Exercise aim :: Could you reproduce, from the records below, everything from the line with "プレートテクトニクスとは" down to the line with "[한경로보뉴스] '동방' 5%", keeping both of those lines and changing nothing?
------ Data section
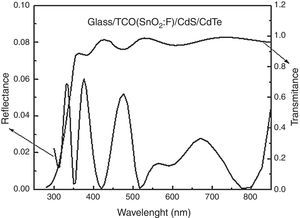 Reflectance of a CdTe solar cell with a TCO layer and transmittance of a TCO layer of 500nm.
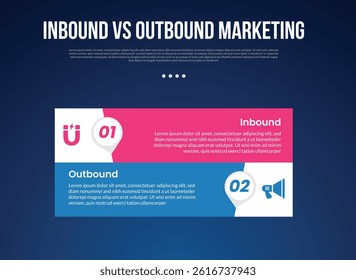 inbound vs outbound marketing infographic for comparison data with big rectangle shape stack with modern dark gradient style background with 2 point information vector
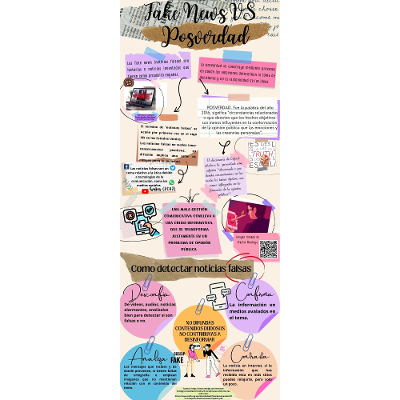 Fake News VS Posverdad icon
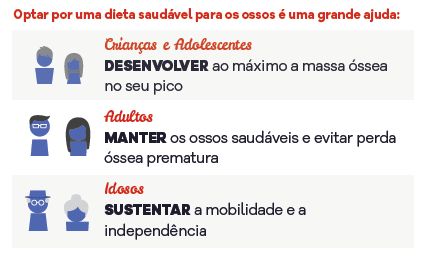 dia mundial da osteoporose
------------
------ Data section
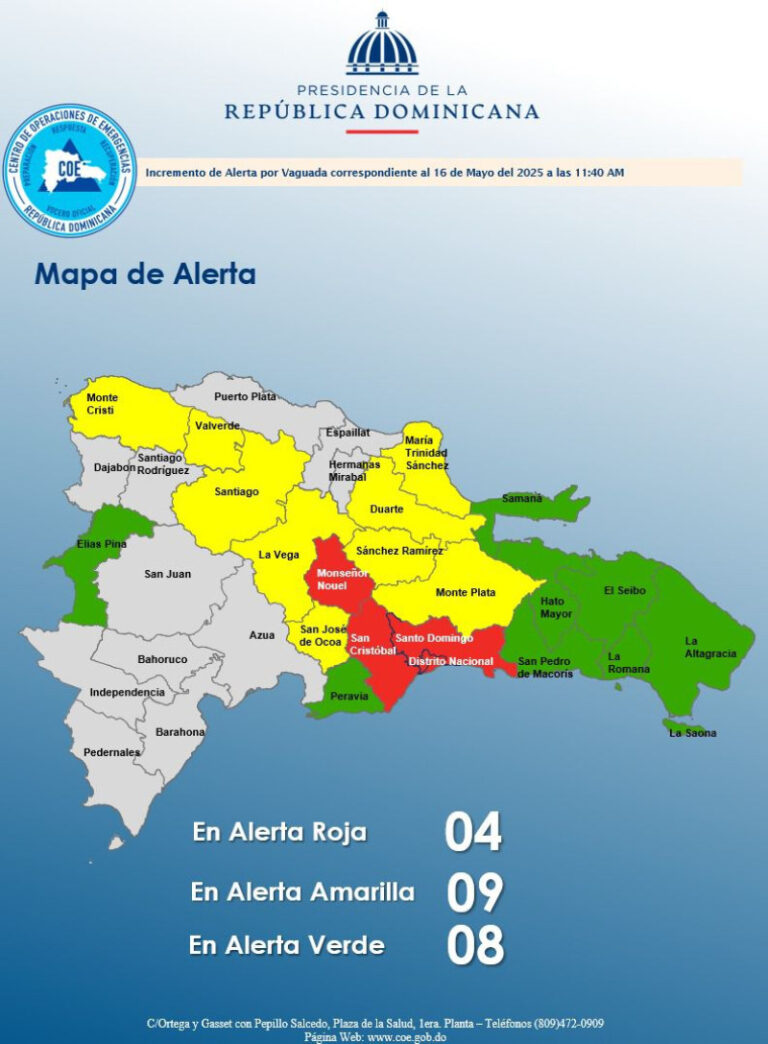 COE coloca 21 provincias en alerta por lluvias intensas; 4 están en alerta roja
------------
------ Data section
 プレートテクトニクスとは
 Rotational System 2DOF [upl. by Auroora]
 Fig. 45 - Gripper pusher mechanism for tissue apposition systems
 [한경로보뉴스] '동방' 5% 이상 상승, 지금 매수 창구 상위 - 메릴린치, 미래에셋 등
------------
Exercise answer ::
 プレートテクトニクスとは
 Rotational System 2DOF [upl. by Auroora]
 Fig. 45 - Gripper pusher mechanism for tissue apposition systems
 [한경로보뉴스] '동방' 5% 이상 상승, 지금 매수 창구 상위 - 메릴린치, 미래에셋 등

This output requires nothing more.